[YOUR TASK] Please copy all of the entries exactly, but drop every picture.

[RAW DATA]
------------
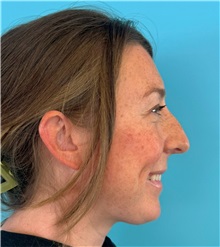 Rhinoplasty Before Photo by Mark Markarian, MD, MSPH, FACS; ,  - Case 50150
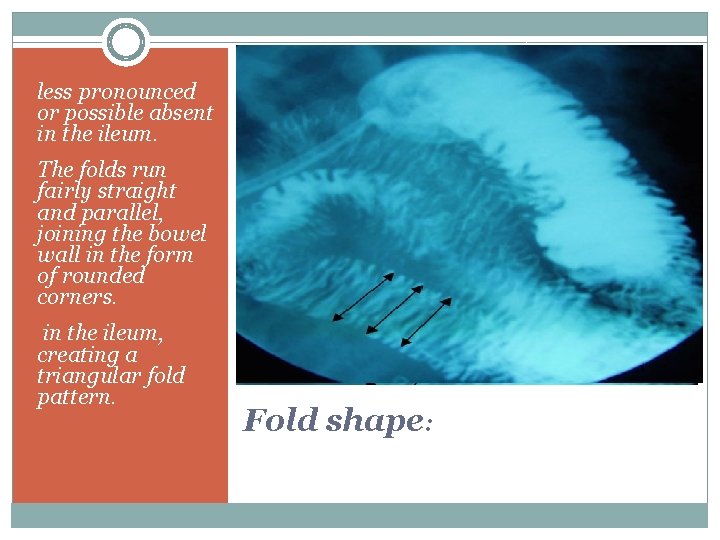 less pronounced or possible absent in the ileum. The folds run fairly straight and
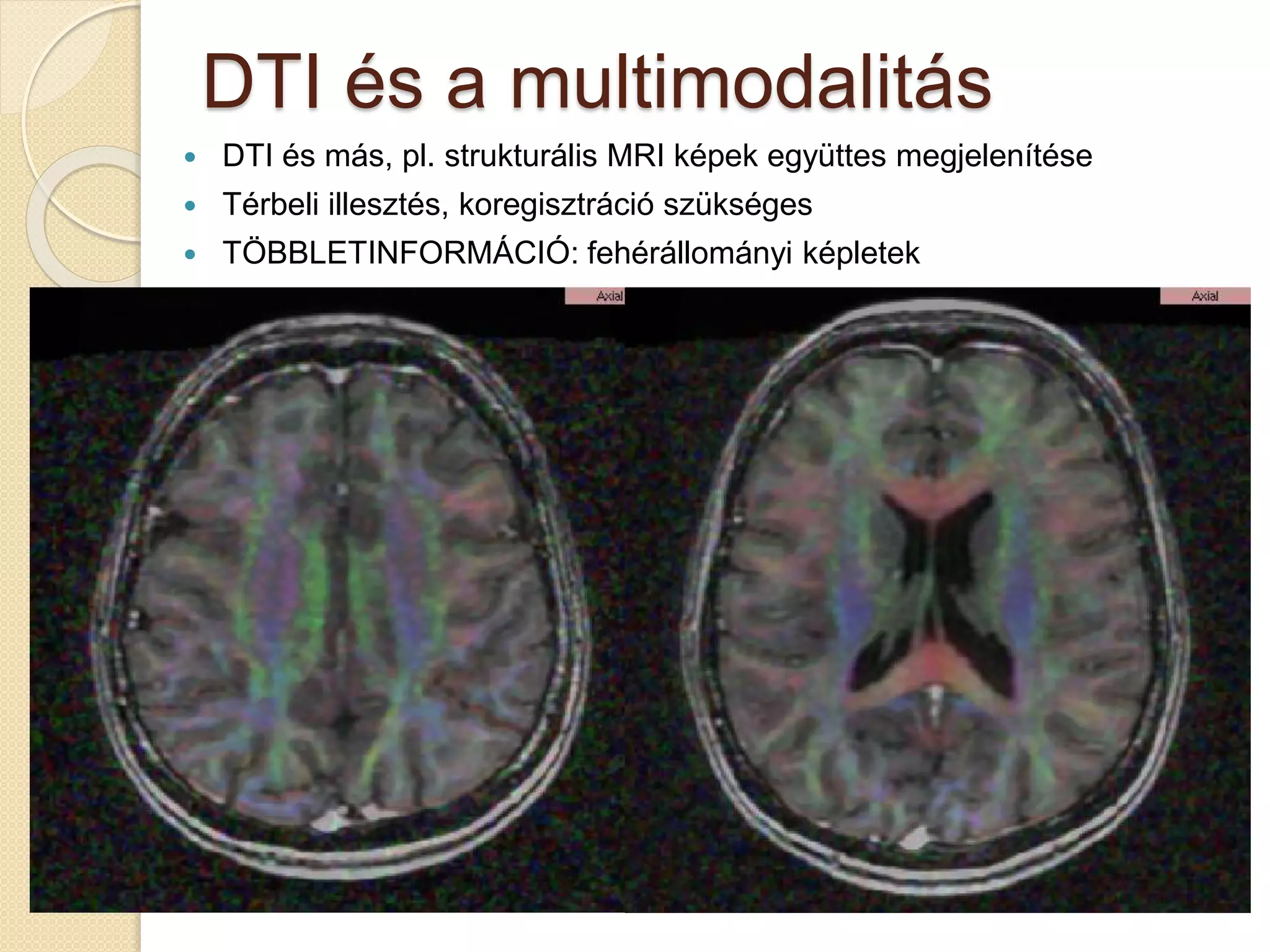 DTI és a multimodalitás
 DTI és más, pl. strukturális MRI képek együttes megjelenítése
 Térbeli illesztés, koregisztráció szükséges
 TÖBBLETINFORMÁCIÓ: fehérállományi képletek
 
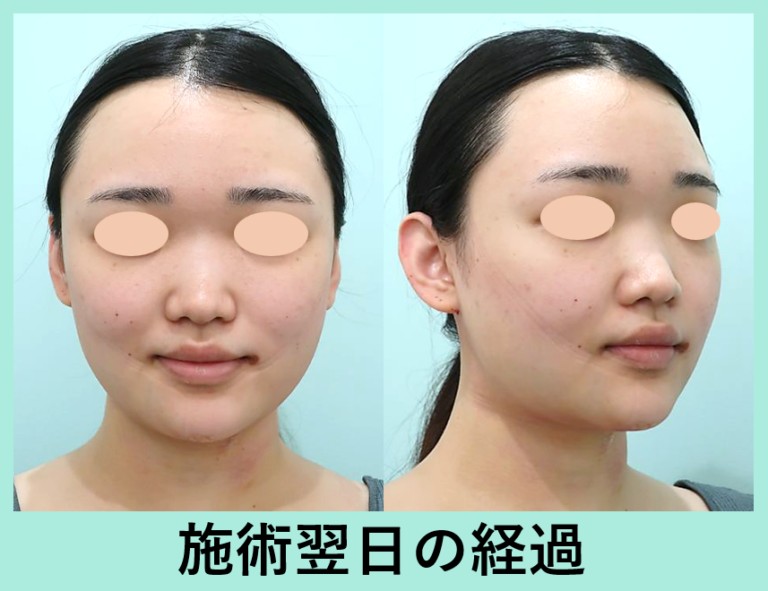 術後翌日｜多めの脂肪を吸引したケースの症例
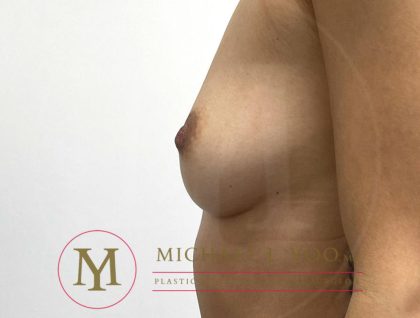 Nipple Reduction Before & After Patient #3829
------------
[ANSWER FOR THIS EXERCISE]
 Rhinoplasty Before Photo by Mark Markarian, MD, MSPH, FACS; ,  - Case 50150
 less pronounced or possible absent in the ileum. The folds run fairly straight and
 DTI és a multimodalitás
 DTI és más, pl. strukturális MRI képek együttes megjelenítése
 Térbeli illesztés, koregisztráció szükséges
 TÖBBLETINFORMÁCIÓ: fehérállományi képletek
 
 術後翌日｜多めの脂肪を吸引したケースの症例
 Nipple Reduction Before & After Patient #3829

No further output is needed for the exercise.